No es la única exposición política que se puede visitar en el MNCARS. Unas pocas salas más allá está la dedicada a la revista peruana Amauta, publicada en la segunda mitad de la década de 1920. Fue un proyecto efímero, muy limitado en su alcance, pero que ilustra un fenómeno crucial, pero poco conocido: la transmisión de los logros de la vanguardia en territorios muy alejados de sus núcleos principales. En ese esfuerzo de propagación era inevitable que esos materiales se mezclasen con los substratos culturales de los países de recepción, distintos de los originales. En el caso de América, la necesaria reivindicación de la herencia indígena, explícita en el propio nombre de la revista, nombre quechua que significa maestro, además de la urgente denuncia de las desigualdades sociales del continente, tan acuciantes entonces como ahora, casi un siglo después.
¿Interesante? Sin duda, como siempre que el MNCARS trata de iluminar esas regiones periféricas de la vanguardia. ¿Reveladora? No mucho, fuera de la mención a algún artista inclasificable como el argentino Xul Solar, fascinante en su terco aislamiento e independencia de cualquier corrientes.
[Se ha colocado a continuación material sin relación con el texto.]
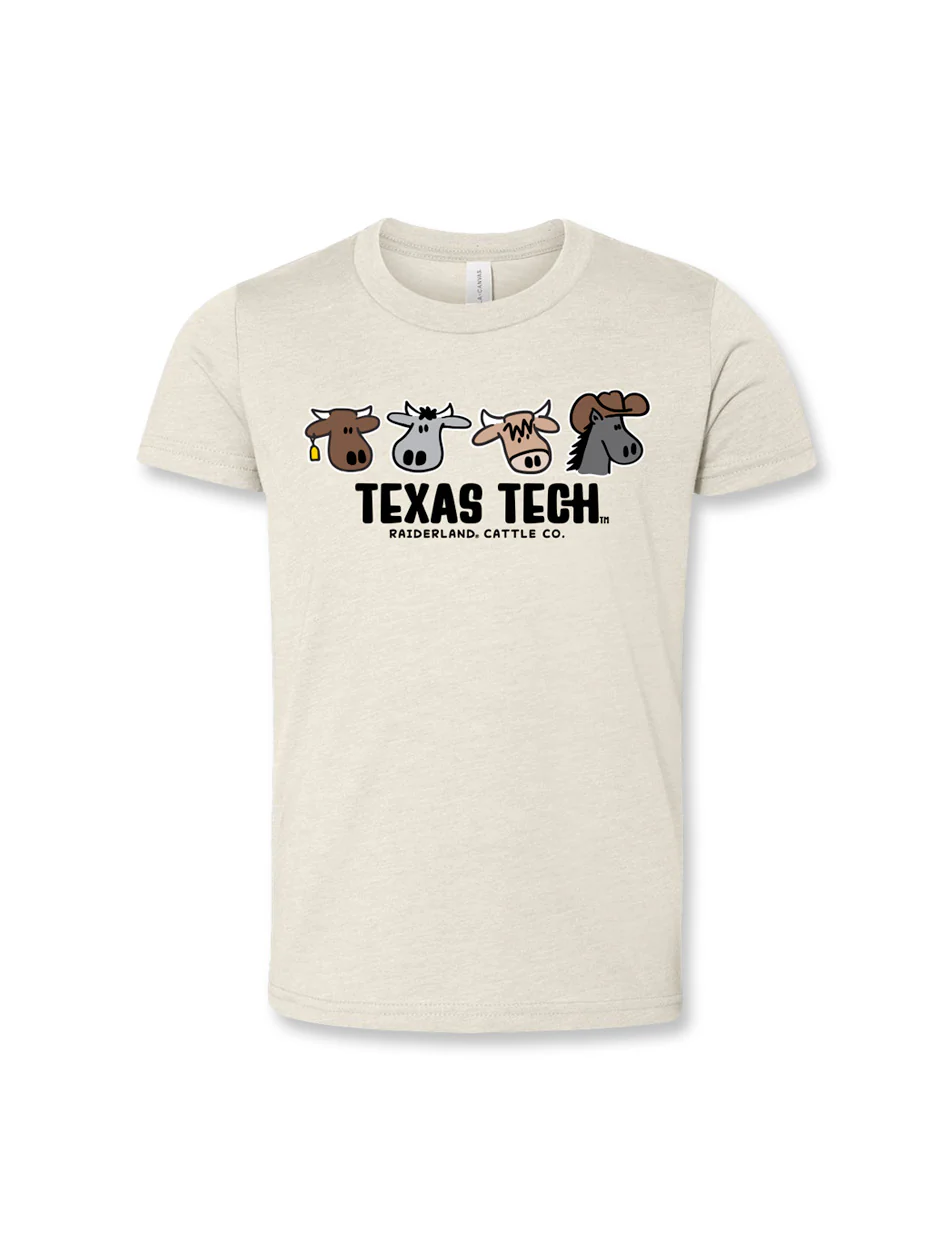 Texas Tech "Raiderland Cattle Co." Youth T-Shirt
Constructor de una obra cuyos cuadros individuales se asemejan a ventanas a un mundo de una riqueza inagotable, de extrañeza acogedora.
Y luego tenemos el montaje de Albert Serra, el enfant terrible del cine español, donde en una doble pantalla se recrea una orgía en los bosques de, suponemos, el Marqués de Sade, a ratos explícita, a ratos alusiva, pero siempre como si con nosotros no fuera la cosa, o como si fuéramos voyeurs a los que el espectáculo les pillase por sorpresa.
Dada mi ignorancia de la obra de Serra, casi que prefiero no pronunciarme.